A weaker sign for Scotland was in attracting companies that had not previously invested in the country. Most of its success comes from existing foreign investors wishing to deepen their presence in the country.

The share of new investors was down to only 6% of the total.

The attractiveness survey suggests that fears of Brexit having the effect of slowing interest in investment in the UK is not to be found.

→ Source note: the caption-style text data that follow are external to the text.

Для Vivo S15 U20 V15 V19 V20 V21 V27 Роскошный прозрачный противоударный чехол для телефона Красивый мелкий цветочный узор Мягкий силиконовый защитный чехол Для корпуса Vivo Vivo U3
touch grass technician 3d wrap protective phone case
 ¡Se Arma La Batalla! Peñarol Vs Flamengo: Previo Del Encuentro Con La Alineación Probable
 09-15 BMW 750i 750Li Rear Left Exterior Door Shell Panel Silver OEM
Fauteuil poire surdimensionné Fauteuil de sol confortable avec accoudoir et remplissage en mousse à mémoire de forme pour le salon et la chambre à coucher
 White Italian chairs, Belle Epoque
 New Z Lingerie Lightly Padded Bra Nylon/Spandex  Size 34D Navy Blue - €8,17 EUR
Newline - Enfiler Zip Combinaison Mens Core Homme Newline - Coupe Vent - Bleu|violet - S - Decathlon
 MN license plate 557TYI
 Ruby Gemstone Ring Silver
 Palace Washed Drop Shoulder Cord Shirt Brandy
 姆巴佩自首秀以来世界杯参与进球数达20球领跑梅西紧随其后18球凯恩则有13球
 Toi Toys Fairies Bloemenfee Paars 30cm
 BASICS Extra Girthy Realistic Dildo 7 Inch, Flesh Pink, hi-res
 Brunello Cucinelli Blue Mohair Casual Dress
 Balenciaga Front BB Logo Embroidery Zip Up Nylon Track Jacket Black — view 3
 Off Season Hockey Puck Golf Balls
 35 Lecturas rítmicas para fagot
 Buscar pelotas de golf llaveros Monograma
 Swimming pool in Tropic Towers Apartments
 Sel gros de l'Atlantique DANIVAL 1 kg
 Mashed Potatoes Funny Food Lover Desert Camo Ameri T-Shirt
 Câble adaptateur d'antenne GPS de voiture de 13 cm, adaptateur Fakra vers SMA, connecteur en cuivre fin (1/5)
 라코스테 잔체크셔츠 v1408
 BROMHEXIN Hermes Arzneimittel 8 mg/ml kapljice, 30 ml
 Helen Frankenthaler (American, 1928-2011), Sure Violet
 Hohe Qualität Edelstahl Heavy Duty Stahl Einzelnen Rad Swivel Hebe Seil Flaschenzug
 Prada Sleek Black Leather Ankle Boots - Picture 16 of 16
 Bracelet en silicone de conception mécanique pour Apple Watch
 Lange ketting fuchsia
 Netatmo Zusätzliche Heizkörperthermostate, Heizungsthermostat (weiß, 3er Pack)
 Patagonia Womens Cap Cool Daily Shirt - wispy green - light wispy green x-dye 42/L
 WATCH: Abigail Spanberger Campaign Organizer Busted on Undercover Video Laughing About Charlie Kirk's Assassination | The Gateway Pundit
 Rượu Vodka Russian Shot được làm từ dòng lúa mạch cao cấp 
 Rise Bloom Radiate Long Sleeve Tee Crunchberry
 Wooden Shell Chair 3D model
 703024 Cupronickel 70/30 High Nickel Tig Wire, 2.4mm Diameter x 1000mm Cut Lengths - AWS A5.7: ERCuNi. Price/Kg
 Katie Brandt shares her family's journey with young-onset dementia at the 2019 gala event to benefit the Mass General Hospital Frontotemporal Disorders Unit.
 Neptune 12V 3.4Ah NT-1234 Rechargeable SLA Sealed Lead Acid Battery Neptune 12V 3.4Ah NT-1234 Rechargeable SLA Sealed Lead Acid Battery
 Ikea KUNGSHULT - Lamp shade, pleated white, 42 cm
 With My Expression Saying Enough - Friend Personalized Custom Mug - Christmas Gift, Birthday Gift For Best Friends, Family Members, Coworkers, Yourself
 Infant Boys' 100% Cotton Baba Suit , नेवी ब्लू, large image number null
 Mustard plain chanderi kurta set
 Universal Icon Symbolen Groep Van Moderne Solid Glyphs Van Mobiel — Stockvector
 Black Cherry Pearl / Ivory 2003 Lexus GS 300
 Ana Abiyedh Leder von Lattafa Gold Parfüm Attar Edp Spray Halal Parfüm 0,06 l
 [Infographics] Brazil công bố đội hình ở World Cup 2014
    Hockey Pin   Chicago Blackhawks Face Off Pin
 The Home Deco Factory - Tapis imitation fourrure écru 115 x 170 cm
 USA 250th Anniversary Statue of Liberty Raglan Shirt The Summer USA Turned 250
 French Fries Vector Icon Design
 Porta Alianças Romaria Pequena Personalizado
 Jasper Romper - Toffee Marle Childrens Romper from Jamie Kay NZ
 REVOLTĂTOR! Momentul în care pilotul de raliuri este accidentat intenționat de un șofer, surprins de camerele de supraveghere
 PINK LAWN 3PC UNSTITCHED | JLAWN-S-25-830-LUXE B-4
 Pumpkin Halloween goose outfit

However, interest from the European Union has weakened, and the USA has strengthened its position as the most active inward investing country for Scotland, with more than a third of projects.

France was next, with nine of the 101 projects, and Russia – with four projects – moved into the top 10 countries investing in Scotland.

The survey found 53% of investors believed Brexit would make the UK less attractive for investment, with 30% saying it would be more attractive. The number seeing it as a risk factor for investment was down to 24%.

Other findings were that manufacturing and sales officers were leaders for attracting new foreign investment, followed by food and drink and business services.

‘Real strength’

Commenting on the report, EY’s managing partner in Scotland, Ally Scott, said: “Scotland has a real strength in the diversity of projects it attracts with a healthy blend between manufacturing and services.

“The boost in manufacturing places Scotland as the UK leader for this sector”.

Scottish Enterprise senior manager Charlie Smith added: “We know that Covid-19 will have an impact on FDI (foreign direct investment) flows, not just for Scotland but for countries across the world.

“However, FDI levels remain stable in Scotland’s priority areas where we excel, such as advanced manufacturing and low-carbon technologies.”